“What a damp squib!” is the most heard line since yesterday’s announcement of the Union Budget.
Personally I feel, the budget was as apolitical as it can get and that is commendable considering this being the election year. What FM did was more or less expected. It did not give anything to the stock market, neither did it take anything away from it – the indices have been rising for a while and the sudden fall can be attributed to technical corrections which would have happened with or without a reason. In-fact, one can already see an upswing happening today.
The budget was agriculture and tourism friendly, but hard on IT industry with implication of MAT of 11.33%. However the MAT affects only those companies who have been enjoying a tax holiday so far and were hoping to enjoy it for one more year. For a company like SANIsoft which got minimmal sops of being an IT company (for various reasons), getting all IT companies to pay tax makes it a level playing field. However, a small hike in outsourcing costs can not be ruled out.
On the employee front, things could have been worse, and FBT on ESOPs was coming anyways. Companies and Coporates never suffer, so the burden of FBT is going to be passed on to the employees, affecting their net income.

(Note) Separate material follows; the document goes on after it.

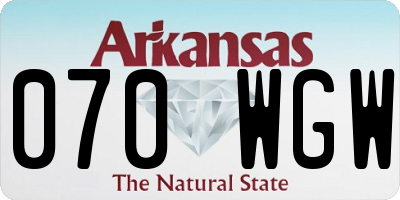 AR license plate 070WGW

On the negative side, a Rs 1000 relief to is in fact going to cost more to the assesses considering the 1% hike in education cess. Real Estate is going to be hit with hike in cement prices as even they are going to pass their burden of excess excise duty to the consumers. However, these are some things that a growing economy has to bear as cost of growth. Indian Economy has never been better and the country can take some mature financial planning in its stride.